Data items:
---

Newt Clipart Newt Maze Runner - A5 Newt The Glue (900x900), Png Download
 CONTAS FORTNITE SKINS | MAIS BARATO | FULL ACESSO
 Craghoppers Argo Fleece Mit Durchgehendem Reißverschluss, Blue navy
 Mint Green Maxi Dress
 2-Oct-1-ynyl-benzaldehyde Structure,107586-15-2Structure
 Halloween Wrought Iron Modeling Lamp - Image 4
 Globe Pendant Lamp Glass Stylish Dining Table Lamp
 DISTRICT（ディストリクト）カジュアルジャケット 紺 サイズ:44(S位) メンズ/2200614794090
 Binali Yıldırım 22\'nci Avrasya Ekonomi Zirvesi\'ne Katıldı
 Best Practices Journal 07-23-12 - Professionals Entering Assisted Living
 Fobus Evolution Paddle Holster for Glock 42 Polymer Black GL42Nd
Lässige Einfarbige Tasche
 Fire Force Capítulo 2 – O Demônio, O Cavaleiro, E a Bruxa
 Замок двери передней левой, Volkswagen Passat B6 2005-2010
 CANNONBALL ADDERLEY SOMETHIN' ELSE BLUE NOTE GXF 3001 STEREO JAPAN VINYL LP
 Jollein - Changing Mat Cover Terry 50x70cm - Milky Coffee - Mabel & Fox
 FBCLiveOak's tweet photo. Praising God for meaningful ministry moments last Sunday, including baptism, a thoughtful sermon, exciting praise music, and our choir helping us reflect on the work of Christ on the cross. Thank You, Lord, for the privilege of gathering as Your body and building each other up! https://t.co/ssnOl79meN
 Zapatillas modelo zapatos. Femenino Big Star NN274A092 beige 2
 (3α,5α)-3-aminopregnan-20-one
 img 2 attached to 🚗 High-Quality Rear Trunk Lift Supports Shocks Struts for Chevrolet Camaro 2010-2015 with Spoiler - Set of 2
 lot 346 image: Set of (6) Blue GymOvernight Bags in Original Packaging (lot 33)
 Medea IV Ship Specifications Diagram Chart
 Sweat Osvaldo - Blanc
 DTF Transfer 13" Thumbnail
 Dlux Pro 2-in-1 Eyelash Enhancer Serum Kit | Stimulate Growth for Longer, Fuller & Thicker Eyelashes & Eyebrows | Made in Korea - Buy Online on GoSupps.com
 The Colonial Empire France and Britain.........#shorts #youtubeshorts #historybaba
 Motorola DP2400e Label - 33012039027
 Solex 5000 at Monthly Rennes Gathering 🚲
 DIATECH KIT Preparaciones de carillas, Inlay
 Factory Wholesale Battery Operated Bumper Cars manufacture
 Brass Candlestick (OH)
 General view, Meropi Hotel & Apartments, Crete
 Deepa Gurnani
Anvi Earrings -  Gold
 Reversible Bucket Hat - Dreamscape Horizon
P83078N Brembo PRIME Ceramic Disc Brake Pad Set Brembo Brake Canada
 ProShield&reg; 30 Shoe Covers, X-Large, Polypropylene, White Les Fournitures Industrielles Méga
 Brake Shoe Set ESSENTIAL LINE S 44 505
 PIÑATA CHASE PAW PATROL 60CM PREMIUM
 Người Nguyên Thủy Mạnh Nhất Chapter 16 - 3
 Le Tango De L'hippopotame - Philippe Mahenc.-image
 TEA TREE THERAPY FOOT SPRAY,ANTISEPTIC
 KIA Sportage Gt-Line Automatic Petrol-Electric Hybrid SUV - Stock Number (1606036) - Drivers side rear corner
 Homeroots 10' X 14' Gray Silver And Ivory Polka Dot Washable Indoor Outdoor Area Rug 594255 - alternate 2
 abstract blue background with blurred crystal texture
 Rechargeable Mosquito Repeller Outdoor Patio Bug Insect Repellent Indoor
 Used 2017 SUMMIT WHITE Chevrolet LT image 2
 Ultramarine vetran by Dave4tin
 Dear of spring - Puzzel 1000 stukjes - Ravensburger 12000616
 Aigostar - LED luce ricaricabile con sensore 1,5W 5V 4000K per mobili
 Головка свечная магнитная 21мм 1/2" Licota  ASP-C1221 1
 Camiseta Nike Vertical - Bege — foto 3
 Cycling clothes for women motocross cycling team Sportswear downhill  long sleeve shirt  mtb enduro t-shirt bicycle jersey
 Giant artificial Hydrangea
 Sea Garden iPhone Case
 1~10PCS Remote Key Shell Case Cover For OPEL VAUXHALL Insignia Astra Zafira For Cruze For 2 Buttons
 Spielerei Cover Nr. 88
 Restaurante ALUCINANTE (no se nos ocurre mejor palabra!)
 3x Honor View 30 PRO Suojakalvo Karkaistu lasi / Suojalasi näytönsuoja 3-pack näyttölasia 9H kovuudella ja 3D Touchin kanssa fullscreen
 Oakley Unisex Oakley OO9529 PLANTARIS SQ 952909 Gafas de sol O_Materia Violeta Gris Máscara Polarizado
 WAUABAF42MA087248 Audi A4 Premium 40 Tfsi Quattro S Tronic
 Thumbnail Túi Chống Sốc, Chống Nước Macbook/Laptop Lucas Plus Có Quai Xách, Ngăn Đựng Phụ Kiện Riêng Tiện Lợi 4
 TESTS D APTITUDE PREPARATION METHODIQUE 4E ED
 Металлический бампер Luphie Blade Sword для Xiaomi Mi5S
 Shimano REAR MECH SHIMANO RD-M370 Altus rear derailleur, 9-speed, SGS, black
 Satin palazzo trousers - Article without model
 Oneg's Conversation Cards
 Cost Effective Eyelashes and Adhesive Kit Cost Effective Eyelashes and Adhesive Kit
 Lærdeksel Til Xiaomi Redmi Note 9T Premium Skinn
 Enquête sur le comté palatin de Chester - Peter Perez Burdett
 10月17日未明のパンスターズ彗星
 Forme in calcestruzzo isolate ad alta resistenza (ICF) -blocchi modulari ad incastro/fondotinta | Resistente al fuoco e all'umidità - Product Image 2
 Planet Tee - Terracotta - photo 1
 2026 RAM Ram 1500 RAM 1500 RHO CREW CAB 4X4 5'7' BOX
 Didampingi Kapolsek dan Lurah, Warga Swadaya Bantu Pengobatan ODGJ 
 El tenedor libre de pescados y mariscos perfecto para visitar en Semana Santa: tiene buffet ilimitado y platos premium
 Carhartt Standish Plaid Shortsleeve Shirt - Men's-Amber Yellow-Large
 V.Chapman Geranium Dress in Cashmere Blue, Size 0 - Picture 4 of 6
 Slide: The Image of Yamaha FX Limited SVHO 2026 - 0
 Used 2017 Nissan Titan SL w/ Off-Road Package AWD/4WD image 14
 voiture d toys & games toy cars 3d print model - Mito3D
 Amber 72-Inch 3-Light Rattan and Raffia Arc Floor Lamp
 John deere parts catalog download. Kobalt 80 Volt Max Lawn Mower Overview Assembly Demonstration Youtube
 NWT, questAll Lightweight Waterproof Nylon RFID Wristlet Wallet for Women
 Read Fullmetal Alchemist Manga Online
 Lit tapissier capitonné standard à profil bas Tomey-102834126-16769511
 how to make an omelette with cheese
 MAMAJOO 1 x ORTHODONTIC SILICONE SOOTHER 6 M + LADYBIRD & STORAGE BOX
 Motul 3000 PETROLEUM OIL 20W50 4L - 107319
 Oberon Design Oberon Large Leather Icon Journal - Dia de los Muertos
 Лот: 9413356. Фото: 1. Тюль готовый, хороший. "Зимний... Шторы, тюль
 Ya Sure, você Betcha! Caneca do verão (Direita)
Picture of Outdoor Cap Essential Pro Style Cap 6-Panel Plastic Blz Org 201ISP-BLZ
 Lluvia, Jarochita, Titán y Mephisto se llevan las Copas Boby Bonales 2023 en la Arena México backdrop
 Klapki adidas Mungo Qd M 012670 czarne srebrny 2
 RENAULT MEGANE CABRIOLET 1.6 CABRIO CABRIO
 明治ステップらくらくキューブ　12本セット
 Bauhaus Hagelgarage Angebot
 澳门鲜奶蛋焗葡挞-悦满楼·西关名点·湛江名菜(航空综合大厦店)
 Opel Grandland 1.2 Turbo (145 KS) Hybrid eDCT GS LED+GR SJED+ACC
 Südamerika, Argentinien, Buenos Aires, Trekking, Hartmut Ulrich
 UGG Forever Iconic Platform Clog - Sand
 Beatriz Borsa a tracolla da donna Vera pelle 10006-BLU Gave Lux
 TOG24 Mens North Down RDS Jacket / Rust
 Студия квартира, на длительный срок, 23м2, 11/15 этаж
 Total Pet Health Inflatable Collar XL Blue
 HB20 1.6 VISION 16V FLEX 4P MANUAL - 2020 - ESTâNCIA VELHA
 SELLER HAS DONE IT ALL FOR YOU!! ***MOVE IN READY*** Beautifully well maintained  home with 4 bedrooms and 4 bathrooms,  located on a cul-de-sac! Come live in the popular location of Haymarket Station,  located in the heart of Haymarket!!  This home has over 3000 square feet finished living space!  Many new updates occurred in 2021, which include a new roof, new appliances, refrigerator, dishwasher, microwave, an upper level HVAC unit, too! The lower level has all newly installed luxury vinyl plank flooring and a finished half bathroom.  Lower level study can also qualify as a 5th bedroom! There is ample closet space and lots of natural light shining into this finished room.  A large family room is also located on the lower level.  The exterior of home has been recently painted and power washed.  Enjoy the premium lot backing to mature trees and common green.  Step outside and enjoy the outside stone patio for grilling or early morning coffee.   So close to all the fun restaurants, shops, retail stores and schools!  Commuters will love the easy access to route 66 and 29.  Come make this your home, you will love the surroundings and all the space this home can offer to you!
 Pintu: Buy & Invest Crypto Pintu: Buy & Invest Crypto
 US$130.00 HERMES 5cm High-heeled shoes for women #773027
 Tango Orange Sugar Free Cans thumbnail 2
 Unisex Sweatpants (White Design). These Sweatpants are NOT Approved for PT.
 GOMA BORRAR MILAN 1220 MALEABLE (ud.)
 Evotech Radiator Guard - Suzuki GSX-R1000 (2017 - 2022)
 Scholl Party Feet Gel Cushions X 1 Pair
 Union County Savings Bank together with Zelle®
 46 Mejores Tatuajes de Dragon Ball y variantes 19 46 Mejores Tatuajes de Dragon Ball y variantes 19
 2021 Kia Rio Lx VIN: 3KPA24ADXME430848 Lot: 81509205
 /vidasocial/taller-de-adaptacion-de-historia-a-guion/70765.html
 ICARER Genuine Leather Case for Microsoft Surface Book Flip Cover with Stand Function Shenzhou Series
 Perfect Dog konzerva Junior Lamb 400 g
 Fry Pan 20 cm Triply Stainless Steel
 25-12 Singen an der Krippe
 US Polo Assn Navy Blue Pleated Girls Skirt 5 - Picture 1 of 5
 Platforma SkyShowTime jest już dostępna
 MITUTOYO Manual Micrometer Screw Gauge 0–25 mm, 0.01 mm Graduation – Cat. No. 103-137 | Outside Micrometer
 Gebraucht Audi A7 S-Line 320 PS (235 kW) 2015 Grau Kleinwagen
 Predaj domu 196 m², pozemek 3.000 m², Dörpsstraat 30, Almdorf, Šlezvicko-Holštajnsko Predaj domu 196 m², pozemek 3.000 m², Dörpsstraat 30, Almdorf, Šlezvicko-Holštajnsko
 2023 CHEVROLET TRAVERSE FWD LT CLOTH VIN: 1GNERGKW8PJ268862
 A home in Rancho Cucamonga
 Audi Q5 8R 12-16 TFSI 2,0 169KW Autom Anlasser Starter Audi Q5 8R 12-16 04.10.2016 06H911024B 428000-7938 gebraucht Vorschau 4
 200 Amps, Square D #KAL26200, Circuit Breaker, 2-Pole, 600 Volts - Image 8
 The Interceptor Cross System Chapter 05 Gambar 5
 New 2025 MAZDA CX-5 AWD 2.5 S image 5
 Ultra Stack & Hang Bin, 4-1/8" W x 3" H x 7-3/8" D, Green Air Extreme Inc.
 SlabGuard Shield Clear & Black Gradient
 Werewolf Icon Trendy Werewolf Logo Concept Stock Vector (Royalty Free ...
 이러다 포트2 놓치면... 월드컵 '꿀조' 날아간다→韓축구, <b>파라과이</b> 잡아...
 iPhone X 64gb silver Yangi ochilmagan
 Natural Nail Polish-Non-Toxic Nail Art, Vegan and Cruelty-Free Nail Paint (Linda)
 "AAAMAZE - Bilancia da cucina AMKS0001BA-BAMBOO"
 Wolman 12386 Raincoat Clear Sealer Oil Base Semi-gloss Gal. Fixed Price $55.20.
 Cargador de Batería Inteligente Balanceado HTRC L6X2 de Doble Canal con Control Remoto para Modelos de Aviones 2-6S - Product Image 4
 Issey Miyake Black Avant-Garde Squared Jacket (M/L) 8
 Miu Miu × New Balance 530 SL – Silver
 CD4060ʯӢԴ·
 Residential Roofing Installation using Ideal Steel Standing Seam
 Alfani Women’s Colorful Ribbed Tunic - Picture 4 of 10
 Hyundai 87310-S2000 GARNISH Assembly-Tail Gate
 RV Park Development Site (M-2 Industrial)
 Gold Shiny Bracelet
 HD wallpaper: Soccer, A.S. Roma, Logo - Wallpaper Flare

---

PROBLEM TO SOLVE:
Set down only the lines above that fall between the line holding "TESTS D APTITUDE" and the line holding "Oneg's Conversation Cards", inclusive, keeping each exact.

FINISHED TASK:
 TESTS D APTITUDE PREPARATION METHODIQUE 4E ED
 Металлический бампер Luphie Blade Sword для Xiaomi Mi5S
 Shimano REAR MECH SHIMANO RD-M370 Altus rear derailleur, 9-speed, SGS, black
 Satin palazzo trousers - Article without model
 Oneg's Conversation Cards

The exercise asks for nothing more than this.